Qwen3.5-4B has the clearer documented vision signal in this comparison. If vision is mission-critical, validate it against the provider endpoint because model-level support and API-level exposure can differ. Use this as a quick comparison signal, then confirm the provider-specific limits before committing to production.
Which is better for multimodal input, Aya 23 35B or Qwen3.5-4B?

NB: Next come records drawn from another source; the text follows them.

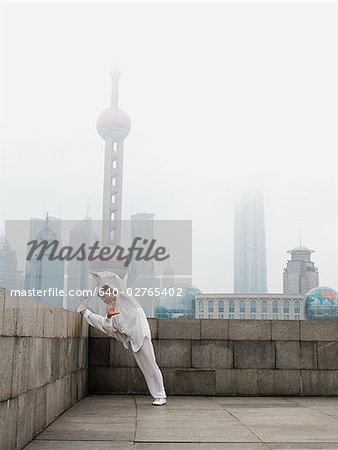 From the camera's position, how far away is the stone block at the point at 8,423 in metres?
4.27

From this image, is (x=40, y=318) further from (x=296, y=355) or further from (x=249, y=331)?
(x=296, y=355)

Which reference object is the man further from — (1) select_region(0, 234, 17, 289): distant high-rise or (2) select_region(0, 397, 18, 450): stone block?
(2) select_region(0, 397, 18, 450): stone block

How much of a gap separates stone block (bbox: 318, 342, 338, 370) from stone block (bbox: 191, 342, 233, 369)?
142 centimetres

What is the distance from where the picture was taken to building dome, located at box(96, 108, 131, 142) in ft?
484

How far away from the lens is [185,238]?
70.6 metres

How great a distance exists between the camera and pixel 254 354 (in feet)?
33.8

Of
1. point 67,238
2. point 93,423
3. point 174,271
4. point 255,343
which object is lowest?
point 93,423

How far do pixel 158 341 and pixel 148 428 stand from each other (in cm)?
416

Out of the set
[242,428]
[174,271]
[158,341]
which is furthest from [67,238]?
[242,428]

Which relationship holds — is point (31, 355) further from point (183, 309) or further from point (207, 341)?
point (183, 309)

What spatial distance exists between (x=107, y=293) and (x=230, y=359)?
2.79 metres

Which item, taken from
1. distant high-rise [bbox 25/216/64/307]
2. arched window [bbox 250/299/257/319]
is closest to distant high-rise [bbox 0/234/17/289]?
distant high-rise [bbox 25/216/64/307]

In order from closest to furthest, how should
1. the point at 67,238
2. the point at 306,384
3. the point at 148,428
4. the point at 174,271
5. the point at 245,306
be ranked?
the point at 148,428 → the point at 306,384 → the point at 174,271 → the point at 245,306 → the point at 67,238

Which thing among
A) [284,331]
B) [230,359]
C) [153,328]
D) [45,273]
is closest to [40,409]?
[153,328] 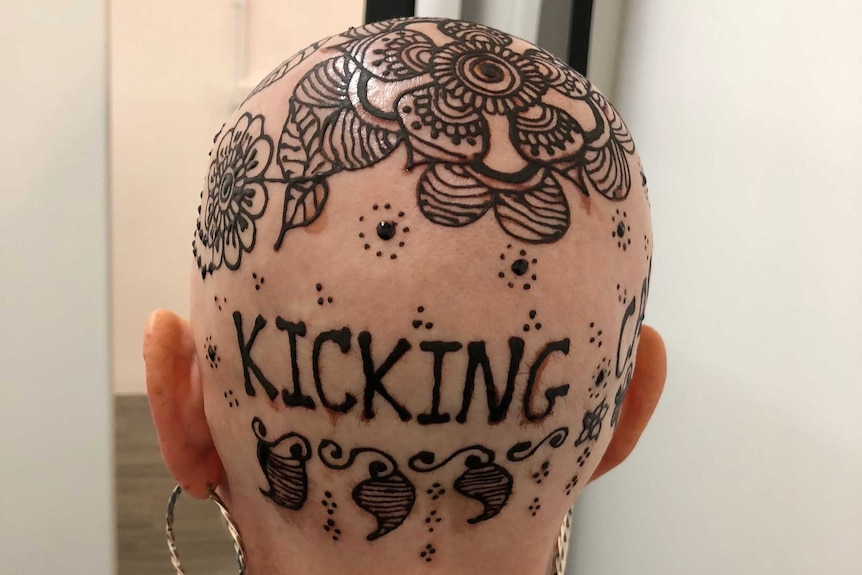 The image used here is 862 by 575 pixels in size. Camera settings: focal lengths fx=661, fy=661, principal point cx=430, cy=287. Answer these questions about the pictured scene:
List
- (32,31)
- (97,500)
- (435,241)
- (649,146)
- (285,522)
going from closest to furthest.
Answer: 1. (435,241)
2. (285,522)
3. (32,31)
4. (97,500)
5. (649,146)

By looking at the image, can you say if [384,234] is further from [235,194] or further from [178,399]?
[178,399]

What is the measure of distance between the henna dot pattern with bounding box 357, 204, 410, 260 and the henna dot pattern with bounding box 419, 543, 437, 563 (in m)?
0.24

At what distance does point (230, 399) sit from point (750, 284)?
2.57 ft

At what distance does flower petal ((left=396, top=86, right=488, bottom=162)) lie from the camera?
437 millimetres

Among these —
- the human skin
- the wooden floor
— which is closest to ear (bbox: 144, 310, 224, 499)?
the human skin

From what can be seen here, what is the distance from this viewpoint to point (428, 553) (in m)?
0.53

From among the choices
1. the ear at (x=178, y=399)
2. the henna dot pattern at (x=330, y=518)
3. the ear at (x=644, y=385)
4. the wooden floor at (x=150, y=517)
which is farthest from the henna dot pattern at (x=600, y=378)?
the wooden floor at (x=150, y=517)

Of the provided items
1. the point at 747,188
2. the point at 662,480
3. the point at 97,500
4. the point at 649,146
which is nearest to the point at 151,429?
the point at 97,500

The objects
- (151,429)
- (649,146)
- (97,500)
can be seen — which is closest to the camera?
(97,500)

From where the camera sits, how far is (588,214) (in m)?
0.47

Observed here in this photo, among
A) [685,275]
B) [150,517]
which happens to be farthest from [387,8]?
[150,517]

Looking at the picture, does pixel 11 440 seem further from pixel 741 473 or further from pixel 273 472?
pixel 741 473

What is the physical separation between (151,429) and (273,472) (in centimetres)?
132

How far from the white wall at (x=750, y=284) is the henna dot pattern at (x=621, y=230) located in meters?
0.50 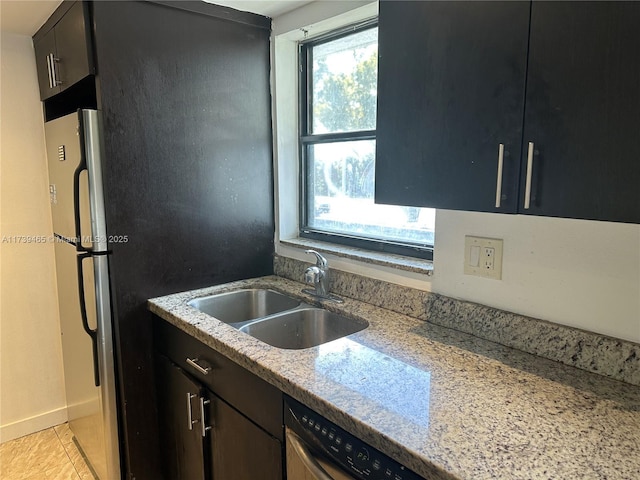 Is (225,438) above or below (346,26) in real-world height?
below

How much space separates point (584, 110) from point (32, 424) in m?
2.94

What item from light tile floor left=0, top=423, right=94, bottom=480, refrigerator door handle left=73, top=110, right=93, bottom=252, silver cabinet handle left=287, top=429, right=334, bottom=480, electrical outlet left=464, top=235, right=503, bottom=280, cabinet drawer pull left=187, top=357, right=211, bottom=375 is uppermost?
refrigerator door handle left=73, top=110, right=93, bottom=252

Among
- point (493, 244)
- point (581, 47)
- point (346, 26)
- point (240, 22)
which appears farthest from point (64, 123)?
point (581, 47)

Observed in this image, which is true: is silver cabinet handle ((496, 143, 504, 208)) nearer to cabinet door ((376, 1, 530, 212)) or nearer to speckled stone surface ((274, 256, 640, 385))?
cabinet door ((376, 1, 530, 212))

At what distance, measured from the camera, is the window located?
6.01 ft

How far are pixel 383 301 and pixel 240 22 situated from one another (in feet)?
4.44

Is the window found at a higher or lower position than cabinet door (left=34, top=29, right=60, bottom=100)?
lower

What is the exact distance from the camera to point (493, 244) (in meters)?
1.33

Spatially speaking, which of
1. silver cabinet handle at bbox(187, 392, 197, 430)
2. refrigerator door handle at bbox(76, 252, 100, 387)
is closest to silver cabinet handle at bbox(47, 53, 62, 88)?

Qwen3.5-4B has the clearer documented multimodal input signal in this comparison. If multimodal input is mission-critical, validate it against the provider endpoint because model-level support and API-level exposure can differ.
Where can I run Aya 23 35B and Qwen3.5-4B?
Aya 23 35B is available on Cohere API. Qwen3.5-4B is available on the tracked providers still being sourced. Provider coverage can affect latency, region availability, compliance posture, and fallback options.
When should I pick Aya 23 35B over Qwen3.5-4B?
Qwen3.5-4B is safer overall; choose Aya 23 35B when provider fit matters. If your workload also depends on provider fit, start with Aya 23 35B; if it depends on vision-heavy evaluation, run the same evaluation with Qwen3.5-4B.
Continue comparing
Last reviewed: 2026-05-14. Data sourced from public model cards and provider documentation.